### Directions
Look through the material beneath and copy each line with the word "Sweatshirt".

--------------------

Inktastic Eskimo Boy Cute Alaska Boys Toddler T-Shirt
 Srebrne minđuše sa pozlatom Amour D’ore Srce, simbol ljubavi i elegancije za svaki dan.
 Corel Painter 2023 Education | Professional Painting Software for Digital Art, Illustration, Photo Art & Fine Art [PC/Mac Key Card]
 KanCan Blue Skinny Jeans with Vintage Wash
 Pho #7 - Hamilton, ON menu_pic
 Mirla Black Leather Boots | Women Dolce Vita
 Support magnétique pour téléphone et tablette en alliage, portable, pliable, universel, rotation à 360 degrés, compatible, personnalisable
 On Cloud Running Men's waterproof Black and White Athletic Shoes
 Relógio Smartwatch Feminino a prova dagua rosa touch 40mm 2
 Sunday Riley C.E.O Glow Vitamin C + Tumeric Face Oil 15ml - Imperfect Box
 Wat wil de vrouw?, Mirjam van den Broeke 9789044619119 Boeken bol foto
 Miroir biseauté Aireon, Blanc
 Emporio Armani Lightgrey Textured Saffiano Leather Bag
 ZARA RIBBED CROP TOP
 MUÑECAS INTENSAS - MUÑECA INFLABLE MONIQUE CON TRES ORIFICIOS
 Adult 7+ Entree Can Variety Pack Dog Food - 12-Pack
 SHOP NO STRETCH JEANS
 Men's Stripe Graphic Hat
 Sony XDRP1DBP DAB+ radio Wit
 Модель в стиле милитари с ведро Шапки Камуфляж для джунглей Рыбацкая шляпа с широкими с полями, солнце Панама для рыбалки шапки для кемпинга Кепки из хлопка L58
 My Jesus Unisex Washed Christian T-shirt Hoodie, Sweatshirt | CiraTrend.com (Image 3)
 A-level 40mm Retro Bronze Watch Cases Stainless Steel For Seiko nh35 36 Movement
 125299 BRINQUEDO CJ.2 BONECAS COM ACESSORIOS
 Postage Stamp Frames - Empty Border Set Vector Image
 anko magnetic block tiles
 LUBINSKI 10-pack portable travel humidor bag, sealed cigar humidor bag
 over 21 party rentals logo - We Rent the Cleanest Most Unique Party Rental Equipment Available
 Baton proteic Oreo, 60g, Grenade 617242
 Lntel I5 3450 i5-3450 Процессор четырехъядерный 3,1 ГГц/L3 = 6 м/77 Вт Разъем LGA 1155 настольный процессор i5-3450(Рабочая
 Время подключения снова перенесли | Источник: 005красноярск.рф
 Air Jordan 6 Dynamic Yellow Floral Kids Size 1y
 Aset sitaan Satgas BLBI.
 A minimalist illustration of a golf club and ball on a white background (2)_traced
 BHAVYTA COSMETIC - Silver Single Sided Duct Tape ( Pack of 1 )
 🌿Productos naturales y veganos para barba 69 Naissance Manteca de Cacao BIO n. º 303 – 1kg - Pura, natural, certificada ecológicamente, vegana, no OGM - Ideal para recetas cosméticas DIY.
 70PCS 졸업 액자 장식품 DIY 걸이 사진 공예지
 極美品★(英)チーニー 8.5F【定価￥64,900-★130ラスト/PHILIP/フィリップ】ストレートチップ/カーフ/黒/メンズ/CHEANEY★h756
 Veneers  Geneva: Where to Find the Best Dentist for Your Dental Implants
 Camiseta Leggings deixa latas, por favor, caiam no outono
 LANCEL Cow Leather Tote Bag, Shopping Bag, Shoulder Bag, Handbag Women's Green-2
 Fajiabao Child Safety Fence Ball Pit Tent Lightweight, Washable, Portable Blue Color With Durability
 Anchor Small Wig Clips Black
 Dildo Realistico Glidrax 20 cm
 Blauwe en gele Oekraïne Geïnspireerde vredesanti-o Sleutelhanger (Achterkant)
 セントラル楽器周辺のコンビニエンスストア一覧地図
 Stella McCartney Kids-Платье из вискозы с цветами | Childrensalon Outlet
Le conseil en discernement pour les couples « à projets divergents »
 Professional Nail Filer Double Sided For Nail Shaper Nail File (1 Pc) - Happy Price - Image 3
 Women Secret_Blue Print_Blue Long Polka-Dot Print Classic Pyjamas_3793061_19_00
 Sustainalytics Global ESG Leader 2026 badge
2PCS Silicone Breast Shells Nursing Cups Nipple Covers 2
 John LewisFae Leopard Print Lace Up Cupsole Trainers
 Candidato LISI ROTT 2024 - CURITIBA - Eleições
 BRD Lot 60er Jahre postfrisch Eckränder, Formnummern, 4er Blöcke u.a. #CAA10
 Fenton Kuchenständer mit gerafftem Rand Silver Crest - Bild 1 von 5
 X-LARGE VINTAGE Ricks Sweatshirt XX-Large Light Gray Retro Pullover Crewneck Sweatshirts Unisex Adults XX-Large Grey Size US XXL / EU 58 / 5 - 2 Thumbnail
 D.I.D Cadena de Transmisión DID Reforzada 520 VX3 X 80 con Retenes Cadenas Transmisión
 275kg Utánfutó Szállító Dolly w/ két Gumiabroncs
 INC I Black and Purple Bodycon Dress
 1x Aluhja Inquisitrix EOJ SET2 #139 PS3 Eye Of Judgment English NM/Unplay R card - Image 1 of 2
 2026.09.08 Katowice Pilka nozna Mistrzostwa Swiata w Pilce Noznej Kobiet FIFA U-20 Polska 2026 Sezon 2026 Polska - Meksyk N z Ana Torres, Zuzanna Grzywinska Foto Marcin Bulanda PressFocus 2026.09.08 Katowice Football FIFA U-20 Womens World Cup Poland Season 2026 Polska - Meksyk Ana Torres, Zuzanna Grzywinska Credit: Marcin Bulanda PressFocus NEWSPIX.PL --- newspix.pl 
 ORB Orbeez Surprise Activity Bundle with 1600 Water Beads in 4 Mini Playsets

--------------------

### Output of the task
 My Jesus Unisex Washed Christian T-shirt Hoodie, Sweatshirt | CiraTrend.com (Image 3)
 X-LARGE VINTAGE Ricks Sweatshirt XX-Large Light Gray Retro Pullover Crewneck Sweatshirts Unisex Adults XX-Large Grey Size US XXL / EU 58 / 5 - 2 Thumbnail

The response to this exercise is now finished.